The emphasis on the unity of spirit and 'mind'
throughout time and 'matter's varying forms',
animated by the same breath of life although
the 'forms' of that life may vary, have been
linked through James Thomson's poem 'Liberty'
(1735-36) to the theories of Pythagoras, with
which Barbauld (and almost certainly Priestley)
may have been familiar in their unmediated
form. 'Liberty' runs, in part, '[Pythagoras]
taught that Life's indissoluble Flame, / From
Brute to Man, and Man to Brute again, / For
ever shifting, runs th' eternal round.' [36]
In 'The Mouse's Petition', in keeping with
Rational Dissenting ideology, all spheres
of rational and spiritual inquiry, including
political theory, classical education, and
contemporary literature are brought to bear
upon one another, united to a common purpose-the
promotion of rational personal judgment in
questions of social morality.
The poem begins with a plea
from the caged mouse to any available listener
to 'hear a pensive prisoner's prayer, / For
liberty that sighs; / And never let thine
heart be shut / Against the wretch's cries'
(ll. 1-4). [37]
The mouse casts its imprisonment in contemporary
political terms, pleading that
If e'er thy breast with
freedom glow'd,
And spurn'd a tyrant's chain,
Let not thy strong oppressive force,
A free-born mouse detain. (ll. 9-12)
Arguing its case logically,
the mouse reasons that even if its jailer
denies it the 'scatter'd gleanings of a feast',
the theft of which has been its only offense,
it surely cannot be denied 'the chearful light'
and 'the vital air', which 'are blessings
widely given' and not subject to individual
control, as food from another's table may
be (ll. 17, 21-22). The jailer should 'let
nature's commoners enjoy / The common gifts
of heaven', since, as Rational Dissenters
believe,
The well taught philosophic
mind
To all compassion gives;
Casts round the world an equal eye,
And feels for all that lives. (ll. 25-28)
In a resonant philosophical
plea, the mouse warns of the moral implications
of its execution: to kill it is to do injury
to creation as a whole, since all of creation
is connected:
If mind, as ancient sages
taught,
A never dying flame,
Still shifts thro' matter's varying forms,
In every form the same,
Beware, lest in the worm
you crush
A brother's soul you find;
And tremble lest thy luckless hand
Dislodge a kindred mind. (ll. 29-36)
Acknowledging contemporary
theological doubt as to the exact amount of
respect animals deserve as fellow creatures-they
may or may not have 'souls' in the human sense,
and hence their deaths may not have quite
the moral weight of the deaths of human beings-Barbauld
nevertheless reinforces Rational Dissenting
ideals of mercy in dealing with fellow creatures:
Or, if this transient gleam
of day
Be all of life we share,
Let pity plead within thy breast
That little all to spare. (ll. 37-40)
Showing mercy to a fellow
creature may mean that a person-similarly
powerless in comparison to the will of God-will
likewise receive mercy in the future:
So, when destruction lurks
unseen,
Which men, like mice, may share,
May some kind angel clear thy path,
And break the hidden snare. (ll. 45-48)
The Dissenting connection
of intellect and spirit is employed in 'The
Mouse's Petition' to challenge the politically
powerful to recognise that they are, like
the powerless, creations of God and subject
to the laws of mercy and accident.

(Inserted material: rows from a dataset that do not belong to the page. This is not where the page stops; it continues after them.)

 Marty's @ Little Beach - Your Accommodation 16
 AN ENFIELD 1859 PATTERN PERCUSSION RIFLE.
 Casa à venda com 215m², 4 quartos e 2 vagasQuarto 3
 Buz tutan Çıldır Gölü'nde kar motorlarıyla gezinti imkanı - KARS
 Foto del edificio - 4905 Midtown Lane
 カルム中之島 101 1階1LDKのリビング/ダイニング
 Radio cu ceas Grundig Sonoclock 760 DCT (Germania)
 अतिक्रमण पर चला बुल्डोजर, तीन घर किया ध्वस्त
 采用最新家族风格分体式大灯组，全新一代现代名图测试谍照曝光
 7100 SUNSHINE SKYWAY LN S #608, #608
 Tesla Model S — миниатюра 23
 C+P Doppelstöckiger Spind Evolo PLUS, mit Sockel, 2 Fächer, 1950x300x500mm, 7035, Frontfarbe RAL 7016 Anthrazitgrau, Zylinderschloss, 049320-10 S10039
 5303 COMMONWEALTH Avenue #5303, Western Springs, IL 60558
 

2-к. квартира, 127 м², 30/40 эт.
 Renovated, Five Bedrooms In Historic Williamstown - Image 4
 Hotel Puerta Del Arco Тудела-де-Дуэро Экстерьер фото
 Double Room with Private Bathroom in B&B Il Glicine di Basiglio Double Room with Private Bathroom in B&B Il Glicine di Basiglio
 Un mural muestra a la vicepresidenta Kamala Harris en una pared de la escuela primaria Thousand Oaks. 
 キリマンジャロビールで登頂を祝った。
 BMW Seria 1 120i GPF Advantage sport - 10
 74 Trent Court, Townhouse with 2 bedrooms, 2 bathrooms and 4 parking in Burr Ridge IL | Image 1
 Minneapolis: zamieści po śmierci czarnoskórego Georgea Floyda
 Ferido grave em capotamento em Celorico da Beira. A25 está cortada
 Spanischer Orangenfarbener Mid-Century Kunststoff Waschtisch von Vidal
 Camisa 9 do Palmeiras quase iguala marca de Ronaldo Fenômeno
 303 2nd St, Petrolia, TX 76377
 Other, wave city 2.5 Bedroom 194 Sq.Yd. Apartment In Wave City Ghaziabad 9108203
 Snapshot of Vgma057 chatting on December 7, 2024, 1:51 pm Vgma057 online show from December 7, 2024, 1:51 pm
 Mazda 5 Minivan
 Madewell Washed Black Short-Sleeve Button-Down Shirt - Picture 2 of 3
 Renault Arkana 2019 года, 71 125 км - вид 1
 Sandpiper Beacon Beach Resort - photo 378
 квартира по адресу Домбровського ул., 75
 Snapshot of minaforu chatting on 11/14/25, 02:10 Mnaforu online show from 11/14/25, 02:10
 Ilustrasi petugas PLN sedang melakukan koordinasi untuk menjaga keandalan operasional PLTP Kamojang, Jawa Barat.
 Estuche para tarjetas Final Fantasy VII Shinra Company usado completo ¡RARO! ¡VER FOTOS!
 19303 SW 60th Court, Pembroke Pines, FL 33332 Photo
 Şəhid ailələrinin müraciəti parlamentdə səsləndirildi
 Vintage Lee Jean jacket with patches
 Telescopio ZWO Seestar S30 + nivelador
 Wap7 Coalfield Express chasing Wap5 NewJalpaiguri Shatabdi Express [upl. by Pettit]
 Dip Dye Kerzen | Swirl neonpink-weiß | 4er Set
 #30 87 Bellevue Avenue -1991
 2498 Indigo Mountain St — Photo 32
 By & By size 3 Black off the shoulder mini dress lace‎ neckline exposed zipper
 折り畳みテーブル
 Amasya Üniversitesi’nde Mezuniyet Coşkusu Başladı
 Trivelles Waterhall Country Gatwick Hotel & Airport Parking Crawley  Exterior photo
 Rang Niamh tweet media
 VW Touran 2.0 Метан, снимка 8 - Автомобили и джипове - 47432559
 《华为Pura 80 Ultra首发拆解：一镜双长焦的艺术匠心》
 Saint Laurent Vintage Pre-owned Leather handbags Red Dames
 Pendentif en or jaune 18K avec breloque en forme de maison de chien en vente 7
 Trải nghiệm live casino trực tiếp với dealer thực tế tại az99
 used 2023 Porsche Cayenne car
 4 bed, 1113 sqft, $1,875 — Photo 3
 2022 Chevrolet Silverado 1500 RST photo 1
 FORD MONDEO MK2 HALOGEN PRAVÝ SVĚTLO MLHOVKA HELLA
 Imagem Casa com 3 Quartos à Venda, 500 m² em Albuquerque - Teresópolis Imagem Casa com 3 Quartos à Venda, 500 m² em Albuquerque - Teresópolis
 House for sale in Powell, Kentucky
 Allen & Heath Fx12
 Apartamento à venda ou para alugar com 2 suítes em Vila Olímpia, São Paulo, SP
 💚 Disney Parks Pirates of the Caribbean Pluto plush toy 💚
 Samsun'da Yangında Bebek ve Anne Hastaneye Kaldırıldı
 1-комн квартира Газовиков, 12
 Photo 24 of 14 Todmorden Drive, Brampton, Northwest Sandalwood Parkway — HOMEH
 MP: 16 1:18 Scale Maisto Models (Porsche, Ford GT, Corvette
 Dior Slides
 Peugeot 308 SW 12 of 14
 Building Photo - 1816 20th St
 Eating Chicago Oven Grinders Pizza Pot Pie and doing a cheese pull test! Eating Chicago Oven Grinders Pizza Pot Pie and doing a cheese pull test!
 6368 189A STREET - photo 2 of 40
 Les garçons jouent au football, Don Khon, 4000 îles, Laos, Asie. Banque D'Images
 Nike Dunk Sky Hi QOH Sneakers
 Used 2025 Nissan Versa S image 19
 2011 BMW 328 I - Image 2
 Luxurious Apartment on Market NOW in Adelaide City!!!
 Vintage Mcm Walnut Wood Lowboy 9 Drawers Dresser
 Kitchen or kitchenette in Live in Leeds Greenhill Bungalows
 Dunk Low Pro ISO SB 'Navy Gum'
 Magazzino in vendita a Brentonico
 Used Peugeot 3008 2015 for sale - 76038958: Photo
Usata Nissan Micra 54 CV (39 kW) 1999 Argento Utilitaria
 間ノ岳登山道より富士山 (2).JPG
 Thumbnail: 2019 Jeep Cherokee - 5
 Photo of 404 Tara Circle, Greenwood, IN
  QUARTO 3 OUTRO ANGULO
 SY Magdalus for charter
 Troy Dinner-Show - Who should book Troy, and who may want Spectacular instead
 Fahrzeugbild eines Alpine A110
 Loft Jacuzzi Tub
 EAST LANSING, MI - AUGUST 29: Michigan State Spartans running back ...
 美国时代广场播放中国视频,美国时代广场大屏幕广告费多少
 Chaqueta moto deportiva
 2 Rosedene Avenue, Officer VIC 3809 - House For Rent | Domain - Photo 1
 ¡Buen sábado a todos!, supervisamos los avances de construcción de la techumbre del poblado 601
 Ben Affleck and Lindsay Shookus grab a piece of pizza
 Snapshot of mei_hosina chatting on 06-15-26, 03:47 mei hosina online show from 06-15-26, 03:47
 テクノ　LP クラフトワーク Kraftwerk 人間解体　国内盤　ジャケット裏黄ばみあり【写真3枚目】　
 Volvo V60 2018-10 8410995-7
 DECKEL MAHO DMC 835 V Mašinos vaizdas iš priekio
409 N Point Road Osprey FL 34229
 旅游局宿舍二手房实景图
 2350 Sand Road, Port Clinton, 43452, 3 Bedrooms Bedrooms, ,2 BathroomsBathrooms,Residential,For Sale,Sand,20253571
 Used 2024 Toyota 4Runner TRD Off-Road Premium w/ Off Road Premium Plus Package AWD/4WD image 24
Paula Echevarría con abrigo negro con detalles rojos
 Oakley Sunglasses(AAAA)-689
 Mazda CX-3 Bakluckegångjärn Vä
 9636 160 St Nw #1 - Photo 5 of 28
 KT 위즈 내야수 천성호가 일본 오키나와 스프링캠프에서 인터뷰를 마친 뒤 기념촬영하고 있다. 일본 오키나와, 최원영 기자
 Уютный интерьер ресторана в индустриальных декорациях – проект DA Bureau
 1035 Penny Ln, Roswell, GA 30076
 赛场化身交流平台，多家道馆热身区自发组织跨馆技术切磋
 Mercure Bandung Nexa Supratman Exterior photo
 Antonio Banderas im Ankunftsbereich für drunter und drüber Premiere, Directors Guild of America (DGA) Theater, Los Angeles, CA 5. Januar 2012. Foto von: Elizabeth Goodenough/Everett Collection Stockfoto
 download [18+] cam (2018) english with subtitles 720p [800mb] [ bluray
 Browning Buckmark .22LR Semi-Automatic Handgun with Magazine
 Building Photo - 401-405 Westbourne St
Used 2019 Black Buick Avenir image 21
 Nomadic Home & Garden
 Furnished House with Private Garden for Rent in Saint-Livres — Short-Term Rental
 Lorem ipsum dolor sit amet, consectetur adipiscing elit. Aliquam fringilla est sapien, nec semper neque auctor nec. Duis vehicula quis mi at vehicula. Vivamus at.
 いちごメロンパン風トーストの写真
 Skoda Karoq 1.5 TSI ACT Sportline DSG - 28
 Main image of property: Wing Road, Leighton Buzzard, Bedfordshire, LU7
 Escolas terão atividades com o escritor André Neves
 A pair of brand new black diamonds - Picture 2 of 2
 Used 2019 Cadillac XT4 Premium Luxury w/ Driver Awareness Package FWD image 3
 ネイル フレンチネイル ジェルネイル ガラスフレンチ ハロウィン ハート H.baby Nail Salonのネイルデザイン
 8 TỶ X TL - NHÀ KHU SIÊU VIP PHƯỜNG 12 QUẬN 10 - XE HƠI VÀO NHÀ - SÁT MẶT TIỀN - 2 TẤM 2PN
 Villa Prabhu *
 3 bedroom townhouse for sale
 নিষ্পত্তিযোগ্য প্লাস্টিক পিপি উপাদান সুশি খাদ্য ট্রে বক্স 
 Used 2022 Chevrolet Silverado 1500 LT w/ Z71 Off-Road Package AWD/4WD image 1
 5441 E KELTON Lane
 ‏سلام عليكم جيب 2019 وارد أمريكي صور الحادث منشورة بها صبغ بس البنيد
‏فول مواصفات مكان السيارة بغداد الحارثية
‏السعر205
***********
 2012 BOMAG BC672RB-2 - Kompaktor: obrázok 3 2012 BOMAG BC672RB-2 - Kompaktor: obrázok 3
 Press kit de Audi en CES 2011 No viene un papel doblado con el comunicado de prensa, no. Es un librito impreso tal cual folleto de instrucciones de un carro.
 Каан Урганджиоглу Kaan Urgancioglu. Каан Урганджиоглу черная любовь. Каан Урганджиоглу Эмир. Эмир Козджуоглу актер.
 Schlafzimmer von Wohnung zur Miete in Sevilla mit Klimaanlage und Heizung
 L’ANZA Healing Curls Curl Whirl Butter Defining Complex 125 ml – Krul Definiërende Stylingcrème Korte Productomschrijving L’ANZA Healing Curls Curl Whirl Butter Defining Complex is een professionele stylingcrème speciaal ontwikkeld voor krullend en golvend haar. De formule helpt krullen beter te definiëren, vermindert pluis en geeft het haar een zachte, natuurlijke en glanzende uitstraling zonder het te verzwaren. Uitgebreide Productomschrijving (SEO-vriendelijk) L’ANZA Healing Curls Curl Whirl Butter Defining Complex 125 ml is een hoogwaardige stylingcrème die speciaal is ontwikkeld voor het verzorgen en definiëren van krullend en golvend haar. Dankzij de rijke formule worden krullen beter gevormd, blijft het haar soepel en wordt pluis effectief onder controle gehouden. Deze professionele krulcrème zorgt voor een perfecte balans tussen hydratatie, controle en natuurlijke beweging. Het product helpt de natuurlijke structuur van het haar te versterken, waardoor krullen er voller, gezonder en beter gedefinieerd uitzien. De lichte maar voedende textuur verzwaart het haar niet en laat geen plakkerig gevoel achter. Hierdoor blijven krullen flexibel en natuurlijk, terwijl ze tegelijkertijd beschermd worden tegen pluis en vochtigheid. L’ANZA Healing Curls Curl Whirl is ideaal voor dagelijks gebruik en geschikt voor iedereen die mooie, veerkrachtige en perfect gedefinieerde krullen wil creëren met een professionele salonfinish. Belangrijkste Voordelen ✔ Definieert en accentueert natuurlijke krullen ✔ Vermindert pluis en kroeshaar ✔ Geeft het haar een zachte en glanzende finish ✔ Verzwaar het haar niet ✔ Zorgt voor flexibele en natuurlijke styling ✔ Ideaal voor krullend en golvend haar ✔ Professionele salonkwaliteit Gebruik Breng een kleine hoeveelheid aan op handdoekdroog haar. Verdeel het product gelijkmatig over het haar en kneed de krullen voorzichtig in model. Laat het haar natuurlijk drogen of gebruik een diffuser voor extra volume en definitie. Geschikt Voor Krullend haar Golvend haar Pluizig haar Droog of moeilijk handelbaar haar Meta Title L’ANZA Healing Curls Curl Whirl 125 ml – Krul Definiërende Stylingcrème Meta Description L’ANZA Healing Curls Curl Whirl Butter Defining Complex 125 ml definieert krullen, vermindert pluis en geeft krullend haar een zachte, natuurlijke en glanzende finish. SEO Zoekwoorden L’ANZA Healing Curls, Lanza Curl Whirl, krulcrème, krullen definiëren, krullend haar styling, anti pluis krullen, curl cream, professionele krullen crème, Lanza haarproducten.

Barbauld's
use of the petition form itself is bound up
with this type of connection across social
and political spheres, as Marlon Ross writes:
From Barbauld's dissenting
perspective, petitioning, rather than tearing
apart the political from the moral fabric,
is transformed into a weaving gesture that
binds the aggressive act of a political
demand to the submissive act of prayerful
blessing. By ending with petition as both
demand and prayer, Barbauld points the reader
away from the hypothetical, figurative scene
of the poem and toward the consequential
circumstance of life which no poem can refigure.
[38]
Reinforcing this aim of moral
and social connection, the quotation from
the Aeneid which stands as epigraph
to the poem can be translated as 'To spare
the humble, and tame in war the proud'. [39]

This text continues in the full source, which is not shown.